La hermanastra fea
Emilie Blichfeldt reescribe el mito de La Cenicienta desde un ángulo que interpela el presente. Su ópera prima coloca a Elvira (Lea Myren), la hermanastra del angelical personaje de cuento, en el centro de la narración con una premisa clara: la belleza impuesta opera como accesorio de control. En esa línea, el film usa el gótico victoriano a modo de trasfondo social para hablar de un deseo que tiende a confundir la aceptación con la existencia.
La hermanastra fea funciona en dos sentidos. Primero, como parábola, cuando una familia arruinada transfiere a la apariencia la expectativa de salvación. Y después, como estudio de personaje, cuando Elvira aprende a sacrificar carne y voluntad para acceder a un sistema de reconocimiento. La dirección de arte, recargadísima, argumenta desde la acumulación de objetos respaldando la idea de una falsa riqueza que va disfrazada por la ostentación. En ese sentido, la película gira en torno a las apariencias y los secretos a voces; un acertado recurso que la directora noruega explota sin cansancio a lo largo de toda su película.

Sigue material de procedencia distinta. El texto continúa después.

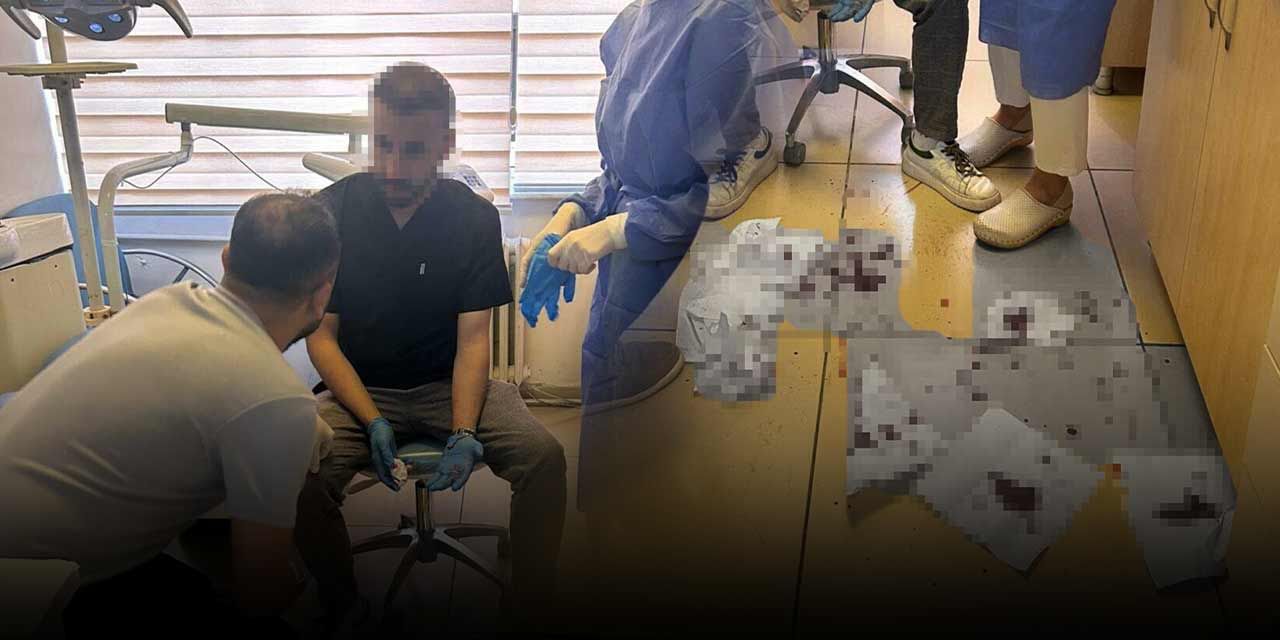 İzmir’de çileden çıkaran olay! Randevusuz muayene olmak istedi: Diş hekimini kafa atarak yaraladı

Blichfeldt elige el gore y el humor negro como camino para narrar su reinterpretación del clásico de Charles Perrault. Para Elvira, experimentar con el dolor —físico y psicológico— implica un método de vida que debe asumirse con naturalidad en beneficio de un premio mayor: la atención del príncipe.
Por ello, su camino está poblado de intervenciones quirúrgicas salvajes que buscan dejar atrás su “fealdad”: un cincel martillado para corregir su nariz aguileña, pestañas cosidas con bisturí, la promesa de una tenia que devora grasa, brackets que más parecen jaulas dentales, un machetazo que cercena sus dedos para que el zapato le calce. Cada operación es el escalón de un aprendizaje. Estas secuencias activan el body horror respaldando un pensamiento que se aleja del impacto efectista. En La hermanastra fea, el cuerpo se vuelve lenguaje —¿alguien llamó a Cronenberg?—.
La frase repetida por la protagonista —“Ser hermosa es ser vista; ser vista es existir”— enuncia el núcleo ideológico de la trama. Elvira no queda reducida a víctima pasiva. Su obsesión persiste, aun cuando reproduce la insana lógica de la autoflagelación. Ello hace más incómoda la lectura feminista del film y, al mismo tiempo, más honesta. Lo grotesco trabaja a favor de la idea: exhibir los cánones estéticos como instrumentos de tortura que se aceptan por fe en el premio social de lo atractivo. La puesta en escena refuerza la tesis con encuadres ceñidos y movimientos que cercan a los personajes; cada plano opera como una prisión.
Si bien el humor negro y la sátira social son permanentes, la película rinde más cuando se atreve a cuestionar los estándares de belleza que cuando insiste en el subrayado de la envidia. Ciertos pasajes reiteran ideas ya establecidas y algunas subtramas —la propia historia de la madre y la hermana— quedan en el esbozo. Había potencial para abrir una genealogía de mujeres atrapadas en la misma trampa del espejo, pero la directora prefiere apostar exclusivamente por su protagonista.
Paradójicamente, la película alcanza sus picos de mayor interés y efectividad cuando el elemento gore asoma sin reservas. Las secuencias donde la protagonista se automutila o la aparición de la tenia parásita son grotescas en su concepción visual, pero poseen un encanto visceral y una sorna punzante. Estos momentos explícitos son los que logran fusionar la sátira con la revulsión, sellando el pacto de Blichfeldt con un relato que, más allá de su marco histórico, fulmina el presente.
Blichfeldt articula drama de época, terror corporal y comentario social en una puesta en escena eficaz. No se puede negar la cercanía con La sustancia, pero con naturalidad se diferencian mucho en el diseño visual: cada herramienta, cada corsé funciona como concepto en escena. La hermanastra fea termina configurando un espejo oscuro del deseo contemporáneo y deja una pregunta que persiste después del último plano: ¿qué costo estamos dispuestos a pagar para ser vistos?